In the good old days now gone by, many communities would publish a directory listing the names, addresses and phone numbers of all residents within the association. Some associations went so far as to even list the names, and sometimes the ages, of children residing in the community. The directory was used to get to know ones neighbors and facilitated “over the fence” neighbor to neighbor discussion.
In recent times community association directories have switched from a positive impact to a negative impact. Criminals have used directories to determine who lives alone and/or which residences are occupied only by a female resident. Instead of calling neighbors, some residents have taken to calling all association members for solicitation of sales of items such as cosmetics, tools, baskets, and candles.
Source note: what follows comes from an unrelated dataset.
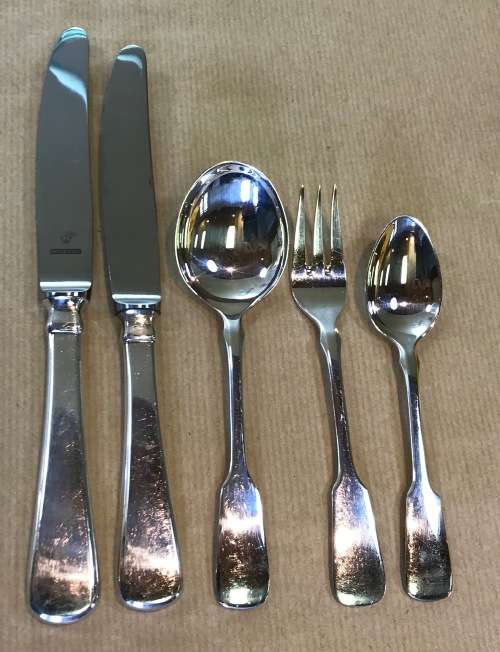 CUTLERY CANTEEN=STERLING SILVER GERMAN=WILKENS=SPADE PATTERN=72 piece=1974=SPILHAUS BOX=8 PLACE.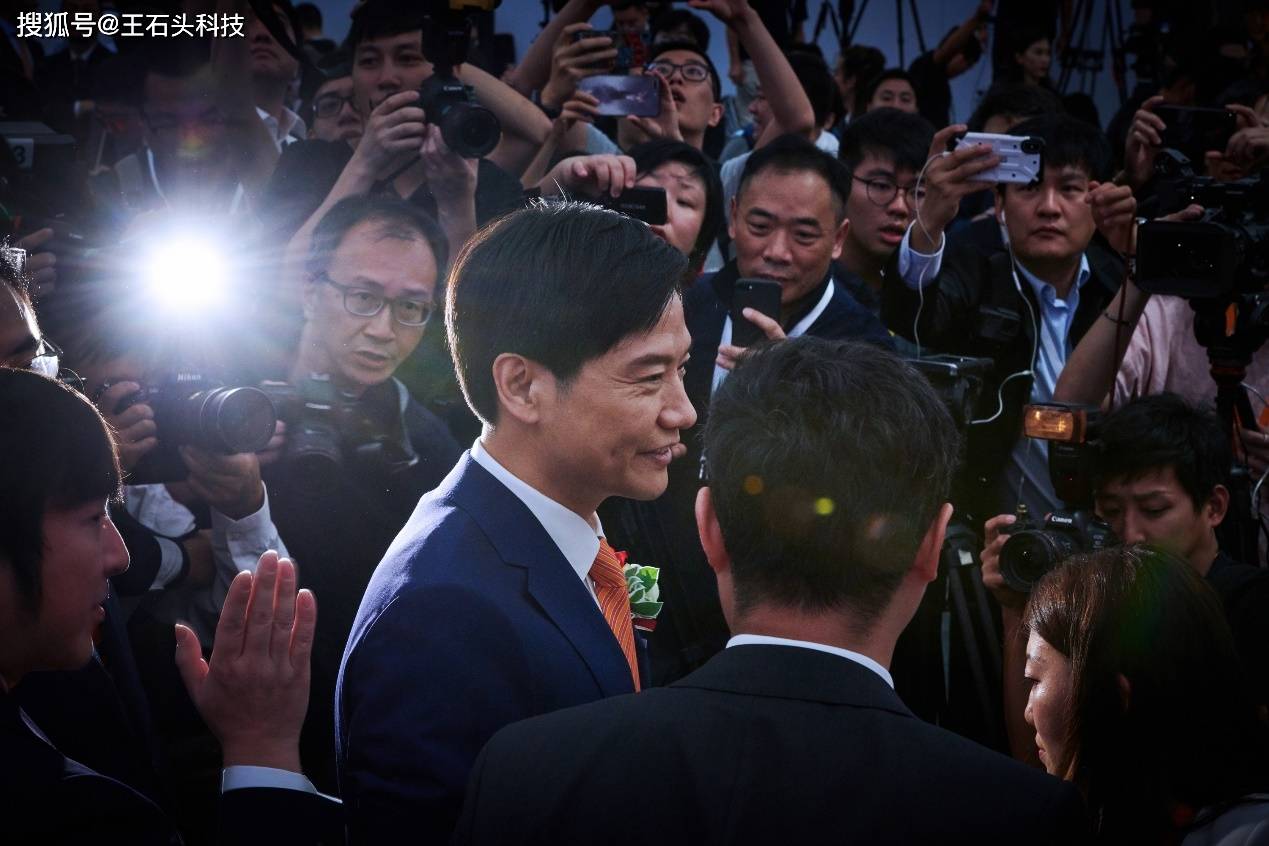 雷军“再造”亿万富翁！评价合伙人：勤奋得像在对童年经历复仇！_搜狐网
Instead of mailing holiday cards, some residents have taken to mailing all association members for solicitation of charitable donations or to obtain real estate listings. Email addresses have been grouped and used to make anonymous disparaging comments about management and/or the board. One member of a 260 home complex even duplicated and attempted to sell the directory to local contractors even though the directory advertised itself as “not being available to anyone outside the community.”
A well-intentioned board does not want to learn that its directory was tied to a break-in or worse type of crime. Boards should recognize the potential liability and/or the potential for a significant negative impact of publishing a directory. At a minimum, provide an “op-out” provision permitting residents to choose whether or not to be included in a directory. A community association board has many duties. It does NOT have a duty to publish a community association directory. A wise board would STOP.